Our on-site user experience was mainly tailored to acquisition, and our paywall strategy was based on acquiring new subscribers. We saw this as an opportunity to target and identify churned users who were still visiting the site. These are people who still had some connection to the brand, and we felt they could be won back with a special offer.
Why did you feel the user would respond to the special offer?
First, we had the data to suggest they were still frequenting the site and viewing the content. With e-mail, it’s hard to identify intent sometimes, but on-site behaviour is more clear. Second, the paywall design and the price point we put in the offer was a more compelling reason to resubscribe because we’re acknowledging that they were a former subscriber and that we wanted to welcome them back to compelling content at a reduced rate.
What was the process in determining the best price for the offer?
We have been using those price points in other channels, including e-mail.
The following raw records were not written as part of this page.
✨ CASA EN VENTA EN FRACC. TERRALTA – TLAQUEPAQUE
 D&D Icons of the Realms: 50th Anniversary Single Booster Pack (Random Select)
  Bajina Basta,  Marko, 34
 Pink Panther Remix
So when we first launched this test, for consistency, we launched with the same price points used in other winback offers. Now that we see this placement converting so well, we will dedicate resources to test different price points in the future to optimise the offer.
How did you measure the success of the offer?
Using the Composer tool that helped us identify this segment, we knew what the segment size would be so we knew what conversion rate would signify success. We created two versions of the paywall, a single offer (annual) and our three-offer version (monthly, annual, two-year), and for a month and a half, we monitored the activity every week until we reached a significant figure.
We also looked at conversion rates across desktop and mobile as the check-out experience and path to conversion are so different. Our hypothesis was that the single-offer paywall would do well on mobile as it’s more streamlined and requires less scrolling. We were surprised to learn that the three-offer version performed better.
What tools did you use?
Our paywall transaction vendor is Piano, and Composer is a new segmentation tool that they launched. We leveraged that new tool to identify a segment that we weren’t able to isolate and tailor placements to before.
What did you learn from this project?
I think this has helped us identify and understand that even once someone has churned and is no longer a paying subscriber, they haven’t left the brand completely. There’s still a connection there that we can build on.